Two apartment blocks in hard lockdown in Sydney and Melbourne to contain Covid outbreak

Authored by nuowvseuiwa

Concerns about the spread of the Delta variant in apartment buildings has prompted a hard lockdown of two residential complexes in Sydney and Melbourne.

An apartment building in Bondi Junction in Sydney’s east remains under police guard after eight cases of Covid were detected across five of the 29 apartments, while residents of an apartment building in Maribyrnong in Melbourne’s north-western suburbs have been ordered to isolate after a removalist with Covid worked there last week.

The New South Wales government has made face masks mandatory in the shared spaces of apartment buildings in response to the outbreak, including for residents, visitors, delivery drivers and cleaners.

The NSW chief health officer, Dr Kerry Chant, said people who live in apartment buildings should not be gathering in common areas, even citing putting the rubbish out as a risk.

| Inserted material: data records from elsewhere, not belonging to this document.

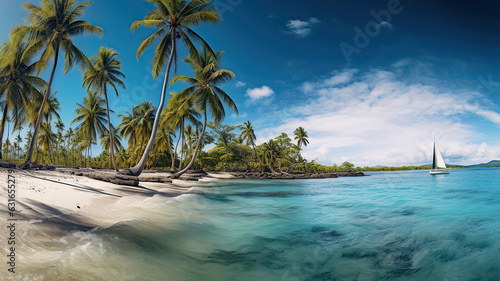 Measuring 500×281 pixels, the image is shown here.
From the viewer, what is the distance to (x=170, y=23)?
16.3 meters

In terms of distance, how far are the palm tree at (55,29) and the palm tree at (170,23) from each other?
335 cm

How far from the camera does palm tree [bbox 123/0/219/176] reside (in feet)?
51.4

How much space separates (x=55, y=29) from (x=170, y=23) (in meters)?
6.95

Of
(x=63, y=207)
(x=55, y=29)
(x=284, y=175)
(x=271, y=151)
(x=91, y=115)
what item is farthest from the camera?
(x=271, y=151)

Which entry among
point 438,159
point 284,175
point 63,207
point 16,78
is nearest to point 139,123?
point 16,78

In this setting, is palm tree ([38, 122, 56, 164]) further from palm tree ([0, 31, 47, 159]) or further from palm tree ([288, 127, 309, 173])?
palm tree ([288, 127, 309, 173])

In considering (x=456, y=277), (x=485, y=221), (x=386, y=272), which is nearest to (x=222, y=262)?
(x=386, y=272)

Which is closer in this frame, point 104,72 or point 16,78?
point 16,78

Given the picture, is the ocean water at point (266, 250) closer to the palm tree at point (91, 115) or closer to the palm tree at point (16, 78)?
the palm tree at point (16, 78)

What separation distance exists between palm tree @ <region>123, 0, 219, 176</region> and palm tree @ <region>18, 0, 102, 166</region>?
335cm

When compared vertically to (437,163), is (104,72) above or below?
above

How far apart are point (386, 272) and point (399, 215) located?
5.62 m

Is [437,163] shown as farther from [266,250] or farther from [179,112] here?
[266,250]

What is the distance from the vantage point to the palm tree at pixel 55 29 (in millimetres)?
13969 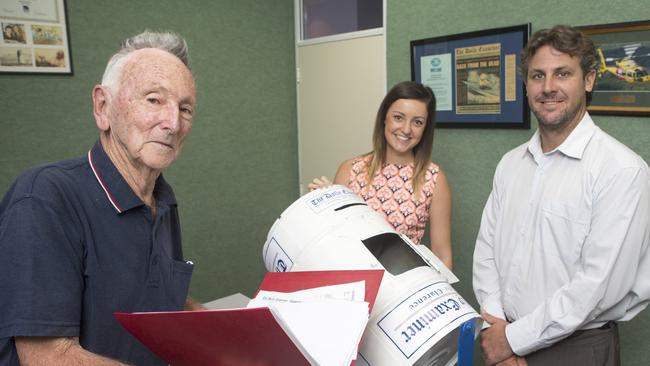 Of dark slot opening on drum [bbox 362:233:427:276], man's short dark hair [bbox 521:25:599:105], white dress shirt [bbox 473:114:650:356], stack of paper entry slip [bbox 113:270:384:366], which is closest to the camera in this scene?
stack of paper entry slip [bbox 113:270:384:366]

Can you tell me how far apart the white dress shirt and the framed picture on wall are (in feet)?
2.41

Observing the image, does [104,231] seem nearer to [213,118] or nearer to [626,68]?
[626,68]

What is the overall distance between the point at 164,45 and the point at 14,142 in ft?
6.19

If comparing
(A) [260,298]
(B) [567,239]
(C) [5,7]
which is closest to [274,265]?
(A) [260,298]

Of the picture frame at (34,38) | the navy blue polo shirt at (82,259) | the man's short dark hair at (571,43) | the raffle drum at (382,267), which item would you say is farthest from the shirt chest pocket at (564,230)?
the picture frame at (34,38)

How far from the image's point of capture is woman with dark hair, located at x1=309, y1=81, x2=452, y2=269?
1.65 metres

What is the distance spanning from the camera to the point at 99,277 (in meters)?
0.76

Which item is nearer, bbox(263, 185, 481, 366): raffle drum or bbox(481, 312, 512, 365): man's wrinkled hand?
bbox(263, 185, 481, 366): raffle drum

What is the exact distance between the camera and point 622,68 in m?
1.72

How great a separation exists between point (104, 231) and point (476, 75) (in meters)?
1.94

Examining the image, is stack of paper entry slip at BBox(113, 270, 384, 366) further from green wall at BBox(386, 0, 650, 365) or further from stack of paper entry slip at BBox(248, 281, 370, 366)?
green wall at BBox(386, 0, 650, 365)

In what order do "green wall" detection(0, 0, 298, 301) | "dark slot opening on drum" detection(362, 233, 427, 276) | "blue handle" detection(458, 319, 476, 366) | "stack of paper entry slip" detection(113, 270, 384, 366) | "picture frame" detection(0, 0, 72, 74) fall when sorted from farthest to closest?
"green wall" detection(0, 0, 298, 301) < "picture frame" detection(0, 0, 72, 74) < "dark slot opening on drum" detection(362, 233, 427, 276) < "blue handle" detection(458, 319, 476, 366) < "stack of paper entry slip" detection(113, 270, 384, 366)

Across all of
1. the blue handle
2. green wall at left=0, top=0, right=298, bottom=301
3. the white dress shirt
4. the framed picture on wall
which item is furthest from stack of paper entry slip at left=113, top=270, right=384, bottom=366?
green wall at left=0, top=0, right=298, bottom=301

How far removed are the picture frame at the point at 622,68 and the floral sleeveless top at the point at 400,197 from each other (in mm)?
764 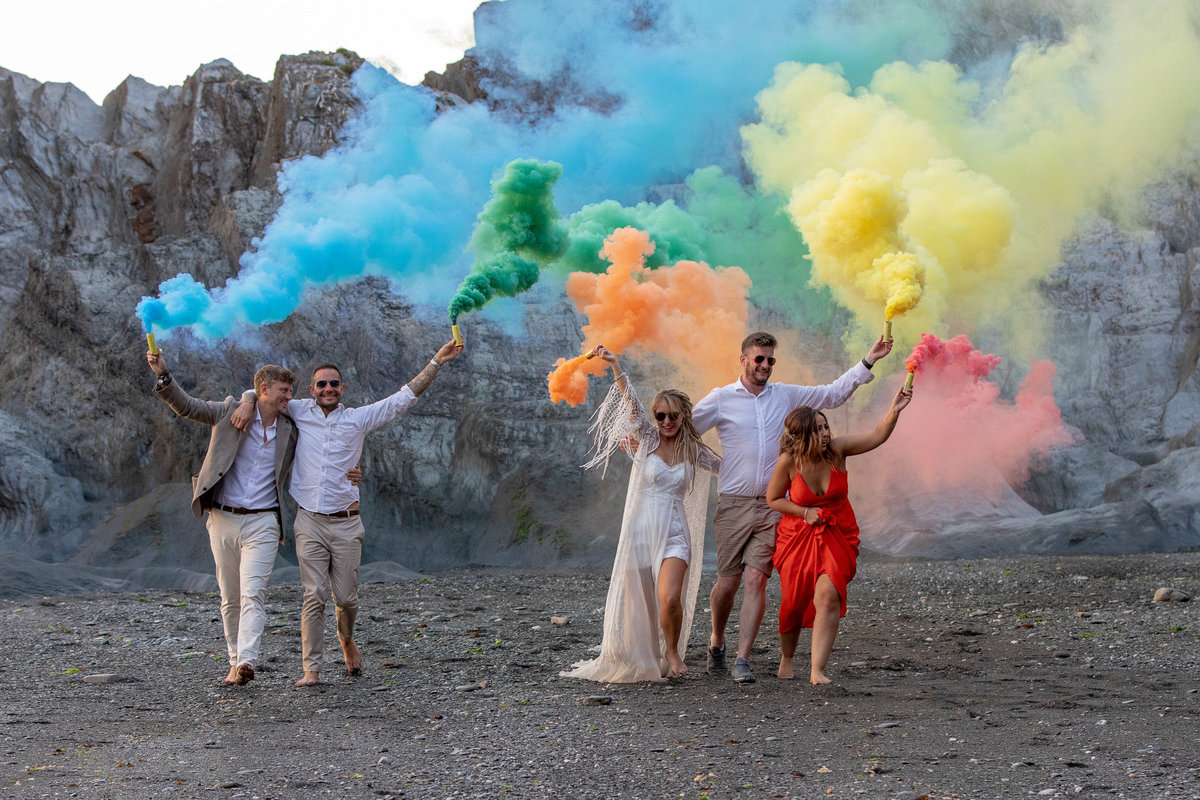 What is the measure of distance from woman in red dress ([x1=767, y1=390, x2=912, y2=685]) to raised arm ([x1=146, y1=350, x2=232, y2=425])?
360 cm

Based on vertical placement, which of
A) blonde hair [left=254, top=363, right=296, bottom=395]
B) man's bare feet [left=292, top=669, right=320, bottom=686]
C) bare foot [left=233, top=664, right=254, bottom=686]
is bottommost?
man's bare feet [left=292, top=669, right=320, bottom=686]

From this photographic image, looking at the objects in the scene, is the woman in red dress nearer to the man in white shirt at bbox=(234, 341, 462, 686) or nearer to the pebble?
the man in white shirt at bbox=(234, 341, 462, 686)

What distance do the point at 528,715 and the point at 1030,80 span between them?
68.0 feet

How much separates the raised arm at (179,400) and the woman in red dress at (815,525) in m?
3.60

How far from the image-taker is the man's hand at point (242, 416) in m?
6.67

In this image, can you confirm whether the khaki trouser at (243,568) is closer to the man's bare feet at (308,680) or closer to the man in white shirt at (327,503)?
the man in white shirt at (327,503)

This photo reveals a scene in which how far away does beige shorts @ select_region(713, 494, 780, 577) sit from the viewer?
6.52 m

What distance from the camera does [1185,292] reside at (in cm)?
2716

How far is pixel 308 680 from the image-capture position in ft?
21.5

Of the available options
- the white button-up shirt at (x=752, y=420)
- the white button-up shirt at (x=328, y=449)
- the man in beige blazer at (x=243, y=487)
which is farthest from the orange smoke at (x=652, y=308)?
the man in beige blazer at (x=243, y=487)

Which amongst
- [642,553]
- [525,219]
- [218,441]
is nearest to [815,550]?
[642,553]

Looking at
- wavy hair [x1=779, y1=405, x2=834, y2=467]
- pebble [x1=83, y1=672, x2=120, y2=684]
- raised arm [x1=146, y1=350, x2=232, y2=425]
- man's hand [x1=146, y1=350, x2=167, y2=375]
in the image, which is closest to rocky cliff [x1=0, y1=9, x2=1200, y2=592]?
pebble [x1=83, y1=672, x2=120, y2=684]

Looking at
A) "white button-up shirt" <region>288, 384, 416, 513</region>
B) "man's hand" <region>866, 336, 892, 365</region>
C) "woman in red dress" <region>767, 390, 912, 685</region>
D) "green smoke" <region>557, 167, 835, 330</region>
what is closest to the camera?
"woman in red dress" <region>767, 390, 912, 685</region>

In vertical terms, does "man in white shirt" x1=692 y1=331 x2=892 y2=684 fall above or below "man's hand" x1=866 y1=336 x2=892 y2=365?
below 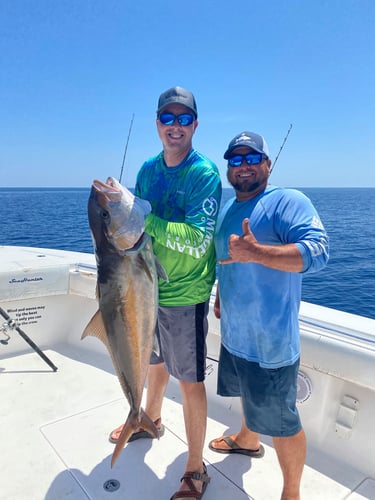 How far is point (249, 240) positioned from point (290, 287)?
0.43m

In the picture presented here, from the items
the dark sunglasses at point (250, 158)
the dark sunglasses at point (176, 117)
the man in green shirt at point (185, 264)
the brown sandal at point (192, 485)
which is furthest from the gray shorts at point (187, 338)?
the dark sunglasses at point (176, 117)

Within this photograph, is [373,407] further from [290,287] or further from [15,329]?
[15,329]

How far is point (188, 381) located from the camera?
102 inches

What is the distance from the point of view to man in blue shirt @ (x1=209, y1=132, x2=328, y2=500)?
2.10 meters

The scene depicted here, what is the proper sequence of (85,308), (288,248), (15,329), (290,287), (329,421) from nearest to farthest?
(288,248) < (290,287) < (329,421) < (15,329) < (85,308)

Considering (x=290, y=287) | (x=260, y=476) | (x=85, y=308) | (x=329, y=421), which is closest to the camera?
(x=290, y=287)

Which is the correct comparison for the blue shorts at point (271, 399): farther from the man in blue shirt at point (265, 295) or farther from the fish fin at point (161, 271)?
the fish fin at point (161, 271)

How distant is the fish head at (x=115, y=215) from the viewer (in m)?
2.10

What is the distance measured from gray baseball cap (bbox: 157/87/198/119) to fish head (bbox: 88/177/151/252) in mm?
697

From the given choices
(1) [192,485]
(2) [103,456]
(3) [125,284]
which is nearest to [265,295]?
(3) [125,284]

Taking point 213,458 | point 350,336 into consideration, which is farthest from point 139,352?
point 350,336

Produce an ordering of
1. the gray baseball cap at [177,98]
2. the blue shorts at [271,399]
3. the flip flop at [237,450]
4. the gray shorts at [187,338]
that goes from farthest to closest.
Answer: the flip flop at [237,450]
the gray shorts at [187,338]
the gray baseball cap at [177,98]
the blue shorts at [271,399]

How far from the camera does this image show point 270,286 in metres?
2.20

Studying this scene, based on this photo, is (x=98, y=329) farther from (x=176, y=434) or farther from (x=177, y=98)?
(x=177, y=98) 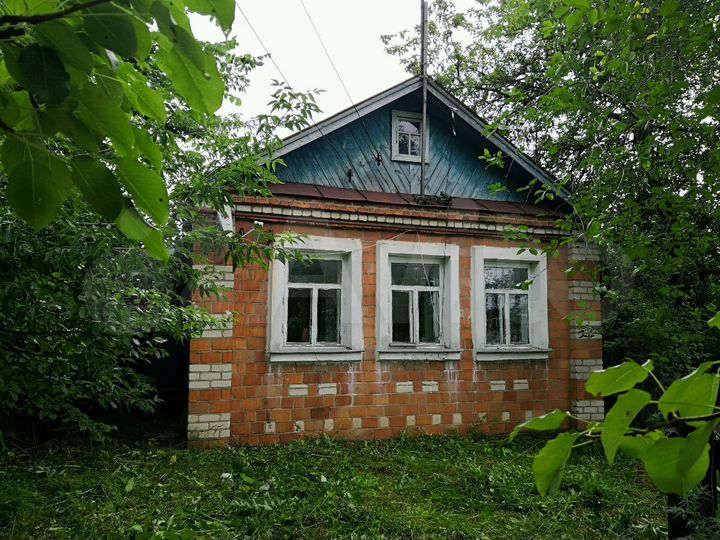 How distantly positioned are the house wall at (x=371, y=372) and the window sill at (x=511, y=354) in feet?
0.28

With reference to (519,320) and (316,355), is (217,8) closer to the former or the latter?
(316,355)

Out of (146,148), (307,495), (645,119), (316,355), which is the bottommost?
(307,495)

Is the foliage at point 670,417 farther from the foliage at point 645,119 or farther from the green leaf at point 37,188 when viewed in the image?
the foliage at point 645,119

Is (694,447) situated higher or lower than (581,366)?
higher

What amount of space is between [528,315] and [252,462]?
420 centimetres

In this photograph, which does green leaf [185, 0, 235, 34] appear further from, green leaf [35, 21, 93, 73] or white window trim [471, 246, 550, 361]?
white window trim [471, 246, 550, 361]

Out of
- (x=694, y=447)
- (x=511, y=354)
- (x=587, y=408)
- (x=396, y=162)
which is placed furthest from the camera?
(x=396, y=162)

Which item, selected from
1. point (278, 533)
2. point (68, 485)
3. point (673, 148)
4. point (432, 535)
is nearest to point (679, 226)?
point (673, 148)

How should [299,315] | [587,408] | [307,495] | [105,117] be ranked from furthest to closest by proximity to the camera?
[587,408]
[299,315]
[307,495]
[105,117]

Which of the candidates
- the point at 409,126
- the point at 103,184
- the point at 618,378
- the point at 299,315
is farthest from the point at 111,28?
the point at 409,126

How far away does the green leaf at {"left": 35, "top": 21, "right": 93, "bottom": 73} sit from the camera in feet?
1.57

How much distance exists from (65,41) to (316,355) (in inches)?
244

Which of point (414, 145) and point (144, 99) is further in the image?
point (414, 145)

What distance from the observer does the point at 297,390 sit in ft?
21.4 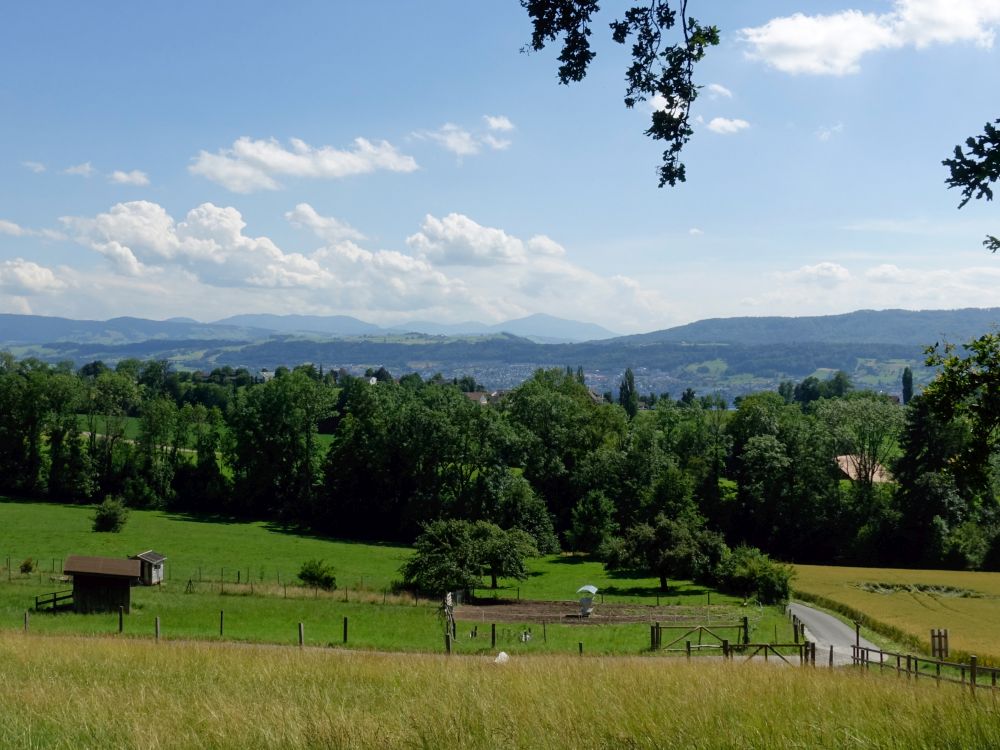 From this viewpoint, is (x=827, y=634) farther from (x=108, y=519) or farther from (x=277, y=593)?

“This is a reminder of the risk that Covid poses and why we were requiring masks … in indoor common property areas of residential premises and also discourage social gatherings or any gatherings across household groups in those apartment buildings as well,” she said.

Residents of an apartment building in Maribyrnong were delivered a letter on Tuesday ordering them to go into isolation for 14 days, after a Covid-positive removalist worked at the address on 8 July.

Residents of the 78-unit Ariele apartment in Thomas Holmes Street, Maribyrnong, woke to find the letter from local health district Western Health on their doorstep.

It stated that everyone who had been at the apartment on 8 July has been identified as a tier one close contact, and must not leave their apartment for 14 days other than to get tested. This includes anyone who just visited or made a delivery, if they accessed the residential lobby, stairwells, lift, residential floors or carpark.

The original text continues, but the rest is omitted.